I’d like to express my gratitude to Mirei Ballinger for her generous help with some of the Basho translations, and for helping me out of such a tight spot in a way which ended up artistically satisfying and interesting. It occurs to me now that the poetry of Basho has qualities that I might even prefer to those of Stevens, no matter how much I admire the supreme virtuosity, imagination and sense of beauty of the latter. Basho’s art is warm, personal and intimate: there is a sense in which you are with him, wherever he is on that day, in that moment, at that place, and he welcomes you always as a poetic companion. Stevens’ art is wonderful, cerebral, quirky, mysterious and often impenetrable but always beautiful and intriguing, but rarely warm or personal.
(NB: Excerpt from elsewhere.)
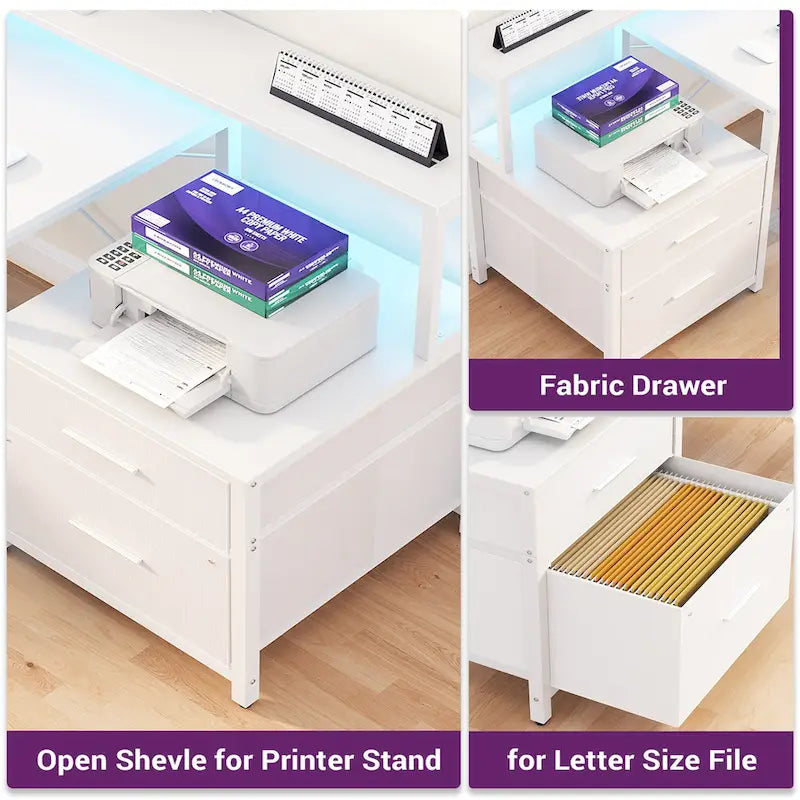 Reversibler L-förmiger Computertisch mit Aktenschublade, langer Monitorhalterung, Ladestation und RGB-LED-Streifen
Perhaps it is a time-of-life thing, but I find myself attracted more to the former these days. So, although it was not quite the piece I had planned to write, it might have been if I knew then what I know now, because of the the whole experience and because of the problem unhelpfully posed.
And I like to think that my old dad would have smiled an indulgent smile and said something pithy at this point. I just can’t think what it might have been.